Sewon Min has long focused on how to enable models to find answers from the external world. In recent years, she has advanced retrieval-augmented and nonparametric language models on multiple fronts. At the engineering level, she co-authored work that scaled a retrieval datastore to a trillion tokens, demonstrating the potential of external knowledge for long-term updates and acquiring long-tail facts. This provides a path for models to shift from "parametric memory" to "data pluggability." At the system interface level, her REPLUG model enables black-box LMs to efficiently access retrieved evidence, improving the verifiability of text generation.
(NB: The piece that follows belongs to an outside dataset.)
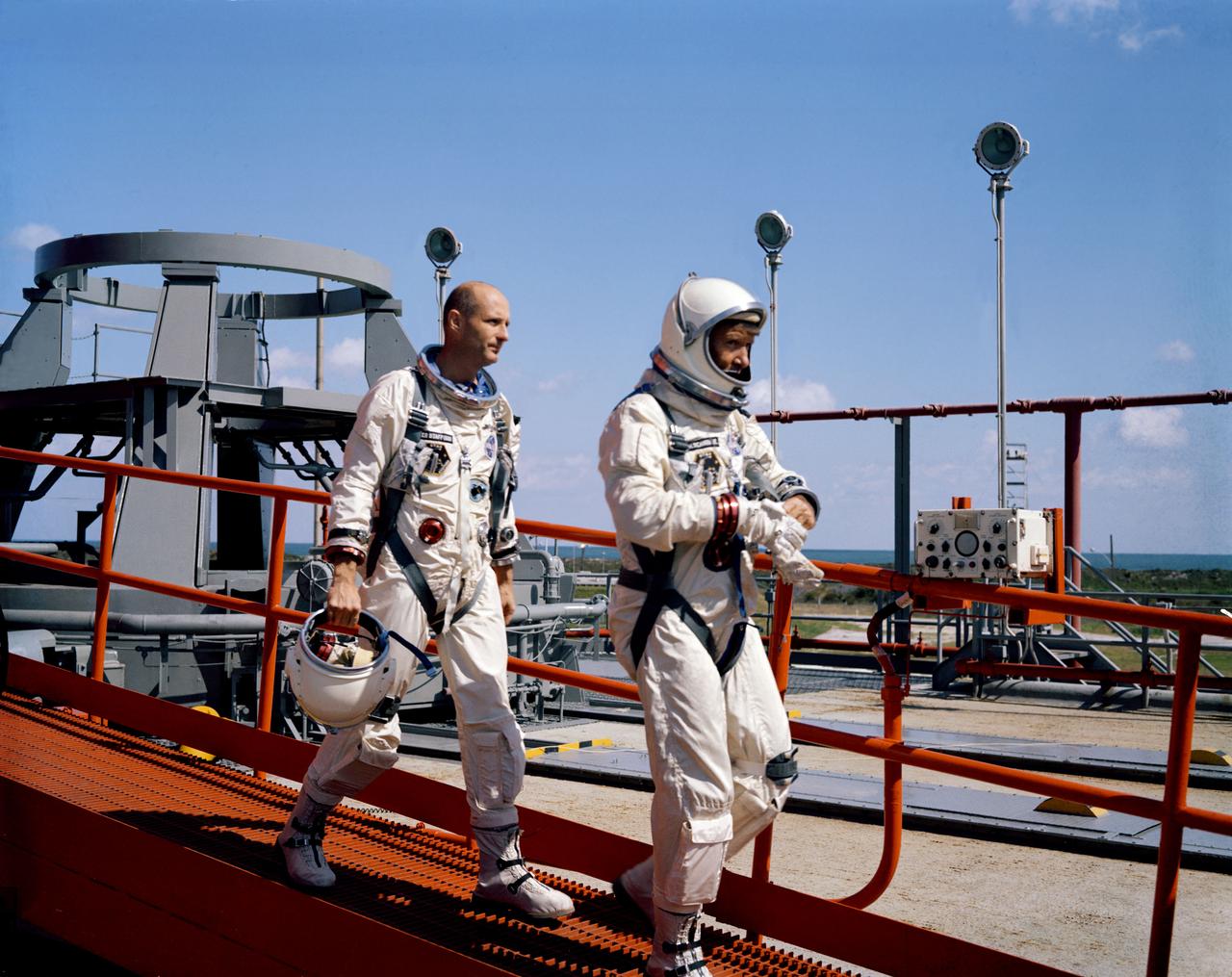 S65-57964 (25 Oct. 1965) --- The prime crew of the Gemini-6 spaceflight walk down the ramp at Pad 19 after leaving the Gemini-6 spacecraft. Astronaut Walter M. Schirra Jr. (leading) is command pilot; and astronaut Thomas P. Stafford is pilot. The Oct. 25 Gemini-6 launch was scrubbed because the Agena, intended as a rendezvous target vehicle in the mission, failed to achieve orbit. Photo credit: NASA or National Aeronautics and Space Administratio
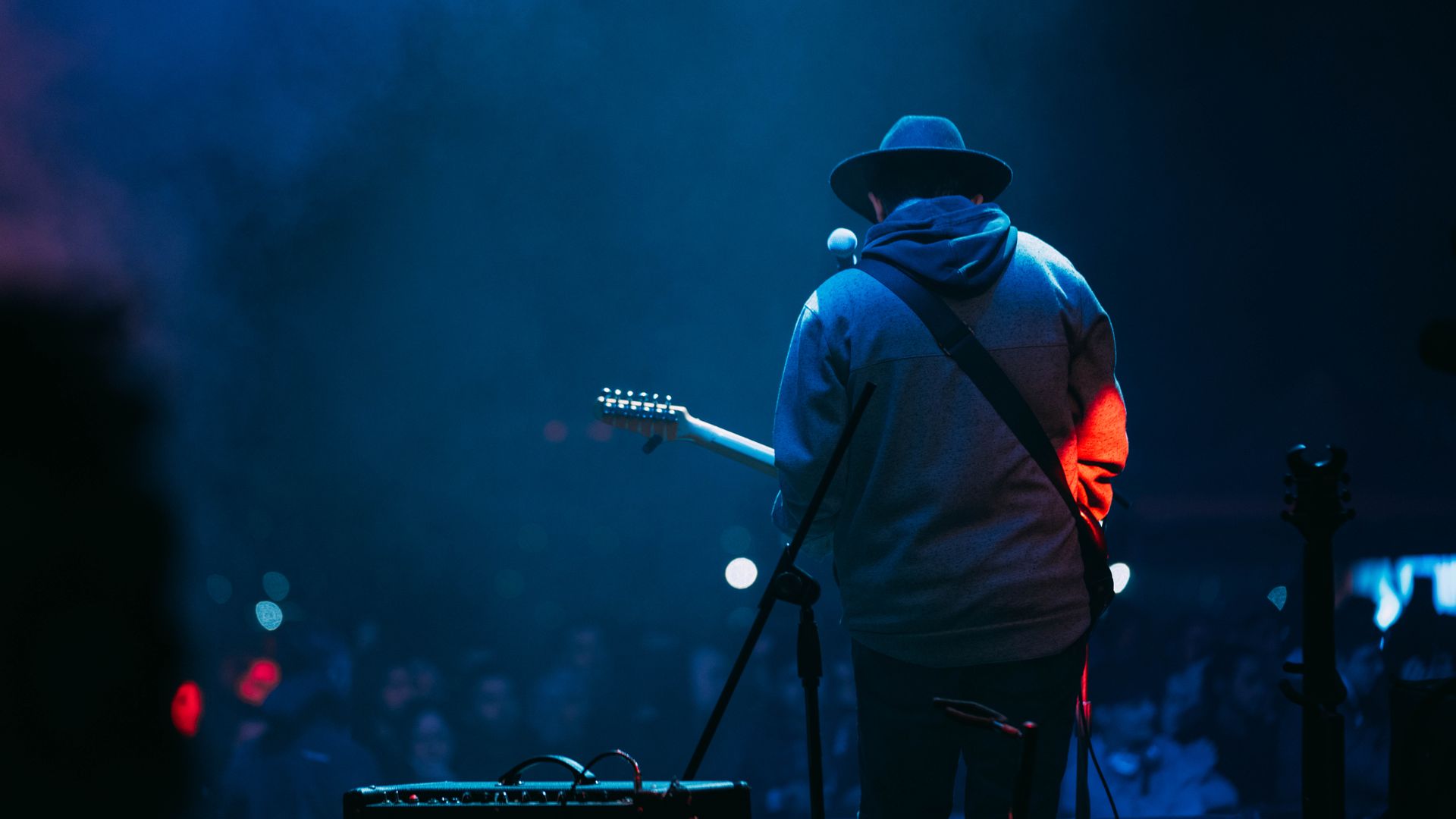 Modafinil for Musicians on Tour: Maximising Energy and Focus A musician with a hat plays guitar on a dimly lit stage at a concert — modafinil for musicians on tour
To address data and legal risks, she co-developed the nonparametric SILO framework, which isolates risks by placing sensitive data in a replaceable datastore.
To quantify the "reliability" of generated text, Min co-developed FActScore, a fine-grained metric for factual precision that has been widely adopted to evaluate and improve the factuality of long-form generation. At the learning paradigm level, focusing on how to better use data, her work includes In-Context Pretraining and BTR to improve the efficiency of cross-document modeling and retrieval. Concurrently, she has contributed to scalable language modeling research like Infini-gram, strengthening the foundational infrastructure for nonparametric and retrieval-based models.
Sewon Min's goal is to continue deepening her research on nonparametric models, driving the development of language models toward greater openness, controllability, and trustworthiness. She aims to build next-generation AI systems that feature superior performance, flexible design, and robust legal compliance.